Exercise description: Within the material below, transcribe exactly the lines from the one holding "KKP Bagikan Ikan" through the one holding "Grande anello modernista", keeping both ends and skipping the rest.

Input data:
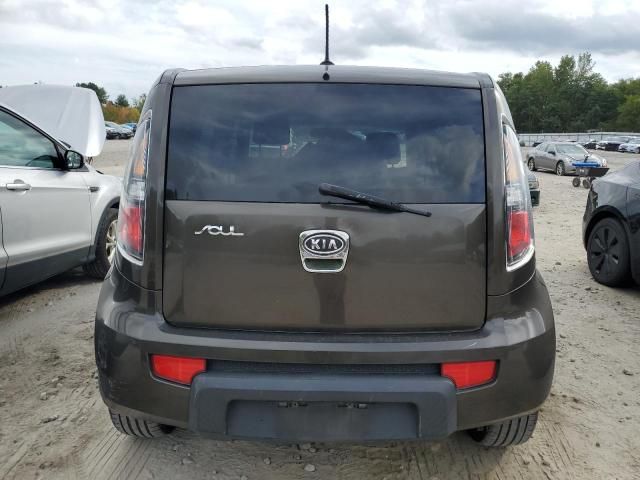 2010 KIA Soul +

...

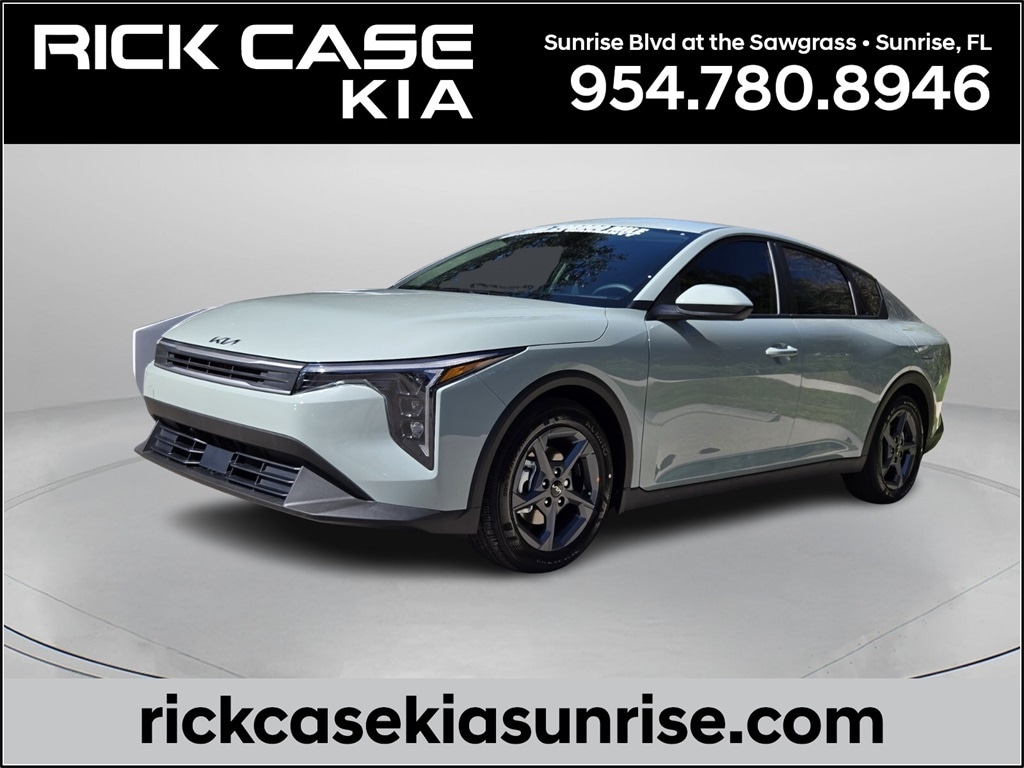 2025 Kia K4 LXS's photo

--

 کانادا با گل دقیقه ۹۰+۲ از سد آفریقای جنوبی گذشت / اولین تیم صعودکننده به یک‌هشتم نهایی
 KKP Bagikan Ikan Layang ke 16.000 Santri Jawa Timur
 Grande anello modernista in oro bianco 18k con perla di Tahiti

Result of the task:
 KKP Bagikan Ikan Layang ke 16.000 Santri Jawa Timur
 Grande anello modernista in oro bianco 18k con perla di Tahiti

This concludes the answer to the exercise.